Ebay isn't as safe,from the way it sounds compared to Amazon, and seems to be getting worse. I go by the feedback,even if I want the item badly,if I see negative feedback,I don't bid or buy.. Ebay is getting to be more hit or miss,but you can buy safely ,just really read the feedback and use your credit card to pay so if anything goes wrong,your credit card should make it right.

It's also hard to find sellers that will ship to certain countries due to fraud.

Regular people just trying to sell on Ebay can register and list. I started as a buyer ,then listed a few things here and there to clean out closets and so on.I do list my jewellery and art work for sale and other personal items but I don't have an Ebay store since I don't sell much..

If someone feels more comfortable w/ Amazon,they should go that route.


----------



## RudyRoo (Jun 24, 2011)

almitra said:


> Never heard of the line.....is it widely used here?

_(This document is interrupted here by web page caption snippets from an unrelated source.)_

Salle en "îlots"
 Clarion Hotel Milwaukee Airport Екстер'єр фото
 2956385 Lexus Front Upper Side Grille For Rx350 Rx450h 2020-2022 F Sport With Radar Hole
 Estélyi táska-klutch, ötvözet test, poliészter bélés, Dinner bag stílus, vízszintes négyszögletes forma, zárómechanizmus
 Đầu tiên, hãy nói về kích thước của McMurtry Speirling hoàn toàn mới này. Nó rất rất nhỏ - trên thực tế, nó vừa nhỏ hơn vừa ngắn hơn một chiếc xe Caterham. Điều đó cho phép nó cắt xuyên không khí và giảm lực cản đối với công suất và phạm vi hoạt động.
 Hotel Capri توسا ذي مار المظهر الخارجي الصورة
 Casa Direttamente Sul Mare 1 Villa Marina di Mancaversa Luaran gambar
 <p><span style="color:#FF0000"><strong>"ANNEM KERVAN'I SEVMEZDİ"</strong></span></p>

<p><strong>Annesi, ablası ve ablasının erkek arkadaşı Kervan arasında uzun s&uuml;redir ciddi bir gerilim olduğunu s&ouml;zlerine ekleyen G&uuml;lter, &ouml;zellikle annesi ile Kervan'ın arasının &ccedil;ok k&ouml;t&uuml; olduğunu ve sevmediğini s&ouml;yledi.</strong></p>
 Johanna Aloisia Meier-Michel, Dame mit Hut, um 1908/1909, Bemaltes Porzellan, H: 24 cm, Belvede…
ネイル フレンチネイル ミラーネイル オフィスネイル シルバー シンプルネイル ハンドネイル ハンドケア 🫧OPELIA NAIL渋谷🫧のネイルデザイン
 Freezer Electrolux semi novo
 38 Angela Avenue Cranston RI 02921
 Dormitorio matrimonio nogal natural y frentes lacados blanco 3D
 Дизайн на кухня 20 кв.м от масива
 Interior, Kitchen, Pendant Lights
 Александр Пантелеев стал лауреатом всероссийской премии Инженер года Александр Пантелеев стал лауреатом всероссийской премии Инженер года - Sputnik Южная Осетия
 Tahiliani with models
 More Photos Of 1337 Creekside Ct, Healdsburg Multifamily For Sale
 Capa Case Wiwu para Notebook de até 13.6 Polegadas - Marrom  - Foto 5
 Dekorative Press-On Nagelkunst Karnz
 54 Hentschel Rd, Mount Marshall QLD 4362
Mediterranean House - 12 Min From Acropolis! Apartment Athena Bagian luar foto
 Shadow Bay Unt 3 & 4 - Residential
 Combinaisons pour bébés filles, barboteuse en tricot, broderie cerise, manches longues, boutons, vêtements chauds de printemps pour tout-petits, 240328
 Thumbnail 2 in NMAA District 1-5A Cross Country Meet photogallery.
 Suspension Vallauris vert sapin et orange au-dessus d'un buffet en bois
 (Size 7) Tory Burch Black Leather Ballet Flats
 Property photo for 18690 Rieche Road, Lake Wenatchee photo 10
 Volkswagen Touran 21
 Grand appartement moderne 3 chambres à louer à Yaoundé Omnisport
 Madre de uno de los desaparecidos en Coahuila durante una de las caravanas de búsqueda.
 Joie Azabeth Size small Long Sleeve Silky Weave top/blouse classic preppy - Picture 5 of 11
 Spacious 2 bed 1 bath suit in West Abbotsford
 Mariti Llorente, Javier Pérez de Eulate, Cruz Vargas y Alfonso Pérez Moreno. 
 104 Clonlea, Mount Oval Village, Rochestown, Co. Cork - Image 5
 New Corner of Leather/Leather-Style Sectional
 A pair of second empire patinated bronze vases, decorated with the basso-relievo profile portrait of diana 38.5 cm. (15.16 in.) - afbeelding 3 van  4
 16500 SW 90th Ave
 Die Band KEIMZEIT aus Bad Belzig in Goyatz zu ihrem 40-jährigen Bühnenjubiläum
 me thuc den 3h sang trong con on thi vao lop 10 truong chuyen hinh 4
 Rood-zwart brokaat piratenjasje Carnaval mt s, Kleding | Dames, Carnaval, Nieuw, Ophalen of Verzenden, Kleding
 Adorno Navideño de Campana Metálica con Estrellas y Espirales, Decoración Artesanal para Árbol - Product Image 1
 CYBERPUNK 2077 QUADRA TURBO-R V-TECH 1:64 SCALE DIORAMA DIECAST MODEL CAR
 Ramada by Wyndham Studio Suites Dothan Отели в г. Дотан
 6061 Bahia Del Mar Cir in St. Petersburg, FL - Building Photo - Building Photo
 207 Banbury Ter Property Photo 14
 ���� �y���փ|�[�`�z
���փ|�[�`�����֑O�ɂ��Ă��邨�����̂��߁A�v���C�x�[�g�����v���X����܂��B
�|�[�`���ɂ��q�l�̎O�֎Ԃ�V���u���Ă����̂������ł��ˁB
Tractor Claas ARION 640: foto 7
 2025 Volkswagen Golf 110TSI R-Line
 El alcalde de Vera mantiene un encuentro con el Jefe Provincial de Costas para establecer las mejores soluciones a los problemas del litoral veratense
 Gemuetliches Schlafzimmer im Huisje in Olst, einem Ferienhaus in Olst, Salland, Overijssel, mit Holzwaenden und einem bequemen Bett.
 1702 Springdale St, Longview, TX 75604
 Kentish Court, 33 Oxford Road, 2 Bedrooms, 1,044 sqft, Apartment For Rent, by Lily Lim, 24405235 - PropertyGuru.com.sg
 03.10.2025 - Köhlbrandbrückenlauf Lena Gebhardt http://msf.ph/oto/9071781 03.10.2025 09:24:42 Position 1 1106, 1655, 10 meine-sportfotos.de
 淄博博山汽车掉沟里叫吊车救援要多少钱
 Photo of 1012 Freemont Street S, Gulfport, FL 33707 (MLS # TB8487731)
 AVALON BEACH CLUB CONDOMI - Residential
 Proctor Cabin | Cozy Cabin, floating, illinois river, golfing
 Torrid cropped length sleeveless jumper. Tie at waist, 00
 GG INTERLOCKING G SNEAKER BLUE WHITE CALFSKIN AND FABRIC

I haven't heard much about it on SM, but I can say that I really like their leave-in's and conditioning sprays. They smell really great, seem to be fairly gentle and don't leave any evidence on the hair. We also have the dry shampoo. It works about as good as any dry shampoo does, but I bet there are better products out there. I had no idea you can get the line at Petsmart! I don't think the Petsmart by us sells it.


----------



## muchan (Feb 23, 2011)

Lisa and Michelle, thank you so much for all the feedback that you guys provided me and I had decided to try my 1st on amazon cause I've had this toys that I wanted to get for my girls since last year but reluctant to do so. The only prob I had now is to think what product should I buy 1st cuz there're many different sellers and if I didn't search carefully and bought from each different seller in 1 time, then my money would have been spend for the shipping fees rather than the product itself :sweatdrop:


----------